[CUDA/ROCm/Migraphx] consolidate gpu data transfer (#22609)

### Description Consolidate the gpu data transfer in CUDA, ROCm and Migraphx EP. (1) Remove some redundant stream synchronize on default stream according to spec of cudaMemcpy (2) consolidate CUDA, ROCm and MigrphaX to try use same logic. ### Motivation This is a follow up on reviewing #22589. ### Context https://docs.nvidia.com/cuda/cuda-runtime-api/api-sync-behavior.html#api-sync-behavior ##### cudaMemcpy() * For transfers from pageable host memory to device memory, a stream sync is performed before the copy is initiated. The function will return once the pageable buffer has been copied to the staging memory for DMA transfer to device memory, **but the DMA to final destination may not have completed**. * For transfers from pinned host memory to device memory, the function is synchronous with respect to the host. * For transfers from device to either pageable or pinned host memory, the function returns only once the copy has completed. * For transfers from device memory to device memory, **no host-side synchronization is performed**. * For transfers from any host memory to any host memory, the function is fully synchronous with respect to the host. #### cudaMemcpyAsync * For transfers between device memory and pageable host memory, the function might be synchronous with respect to host. * For transfers from any host memory to any host memory, the function is fully synchronous with respect to the host. * If pageable memory must first be staged to pinned memory, the driver may synchronize with the stream and stage the copy into pinned memory. * For all other transfers, the function should be fully asynchronous. https://rocm.docs.amd.com/projects/HIP/en/latest/doxygen/html/group___memory.html ##### hipMemcpyAsync() If host or dest are not pinned, the memory copy will be performed synchronously. For best performance, use hipHostMalloc to allocate host memory that is transferred asynchronously. on HCC hipMemcpyAsync does not support overlapped H2D and D2H copies. For hipMemcpy, the copy is always performed by the device associated with the specified stream. ##### hipMemcpy() For hipMemcpy, the copy is always performed by the current device (set by hipSetDevice). https://github.com/ROCm/ROCm/blob/roc-5.7.x/tools/autotag/templates/rocm_changes/5.6.1.md ROCm 5.6.1 release note: hipMemcpy device-to-device (intra device) is now asynchronous with respect to the host
microsoft · Oct 31, 2024 · 1b60209 · 1b60209
1 parent 69fe58b
commit 1b60209
Show file tree

Hide file tree

Showing 10 changed files with 65 additions and 42 deletions.
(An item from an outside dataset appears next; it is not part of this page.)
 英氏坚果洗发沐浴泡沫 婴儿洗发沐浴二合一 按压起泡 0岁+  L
diff --git a/onnxruntime/core/providers/cuda/cuda_execution_provider.cc b/onnxruntime/core/providers/cuda/cuda_execution_provider.cc
@@ -50,7 +50,6 @@ class Memcpy final : public OpKernel {
       ORT_ENFORCE(X != nullptr, "Memcpy: Input tensor is nullptr.");
       Tensor* Y = ctx->Output(0, X->Shape());
       ORT_ENFORCE(Y != nullptr, "Memcpy: Failed to allocate output tensor.");
-      // do we support async copy?
       // The cudaMemCpyAsync will handle the pinned memory and non-pinned memory,
       // so we don't need the check here.
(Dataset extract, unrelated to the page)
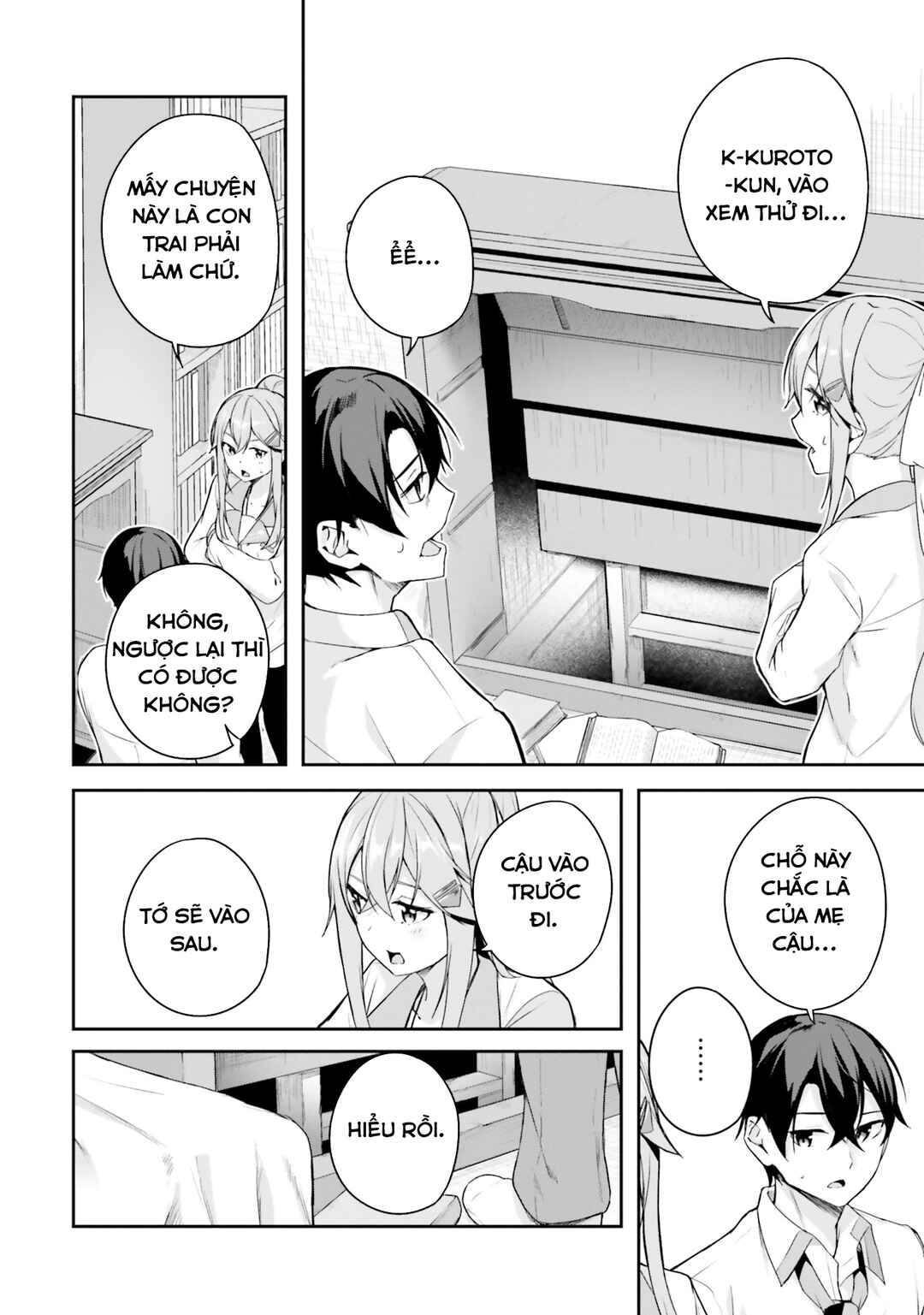Kamikakushi no Eden Chapter 4 - Page 37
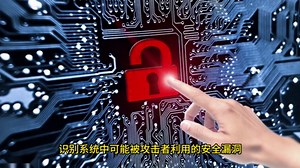 混合云安全实践（42#）：漏洞扫描（VS）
       auto* gpu_data_transfer = Info().GetDataTransferManager().GetDataTransfer(X->Location().device, Y->Location().device);

diff --git a/onnxruntime/core/providers/cuda/gpu_data_transfer.cc b/onnxruntime/core/providers/cuda/gpu_data_transfer.cc
@@ -7,10 +7,6 @@
 #include "cuda_common.h"
 
 namespace onnxruntime {
-GPUDataTransfer::GPUDataTransfer() {}
-
-GPUDataTransfer::~GPUDataTransfer() {}
-
 bool GPUDataTransfer::CanCopy(const OrtDevice& src_device, const OrtDevice& dst_device) const {
   return src_device.Type() == OrtDevice::GPU || src_device.MemType() == OrtDevice::MemType::CUDA_PINNED ||
          dst_device.Type() == OrtDevice::GPU || dst_device.MemType() == OrtDevice::MemType::CUDA_PINNED;
@@ -30,19 +26,25 @@ common::Status GPUDataTransfer::CopyTensor(const Tensor& src, Tensor& dst) const
       // Copy only if the two addresses are different.
       if (dst_data != src_data) {
         CUDA_RETURN_IF_ERROR(cudaMemcpy(dst_data, src_data, bytes, cudaMemcpyDeviceToDevice));
+        // For device memory to device memory copy, no host-side synchronization is performed by cudaMemcpy.
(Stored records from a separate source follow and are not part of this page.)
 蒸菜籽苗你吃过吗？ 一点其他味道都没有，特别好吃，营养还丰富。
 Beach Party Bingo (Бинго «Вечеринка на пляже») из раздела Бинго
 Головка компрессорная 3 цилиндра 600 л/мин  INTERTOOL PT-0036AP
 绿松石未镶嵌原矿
+        // see https://docs.nvidia.com/cuda/cuda-runtime-api/api-sync-behavior.html
         CUDA_RETURN_IF_ERROR(cudaStreamSynchronize(nullptr));
       }
     } else {
       // copy from other CPU memory to GPU, this is blocking
       CUDA_RETURN_IF_ERROR(cudaMemcpy(dst_data, src_data, bytes, cudaMemcpyHostToDevice));
-      CUDA_RETURN_IF_ERROR(cudaStreamSynchronize(nullptr));
+      if (src_device.MemType() != OrtDevice::MemType::CUDA_PINNED) {
+        // For cudaMemcpy from pageable host memory to device memory, DMA to final destination may not have completed.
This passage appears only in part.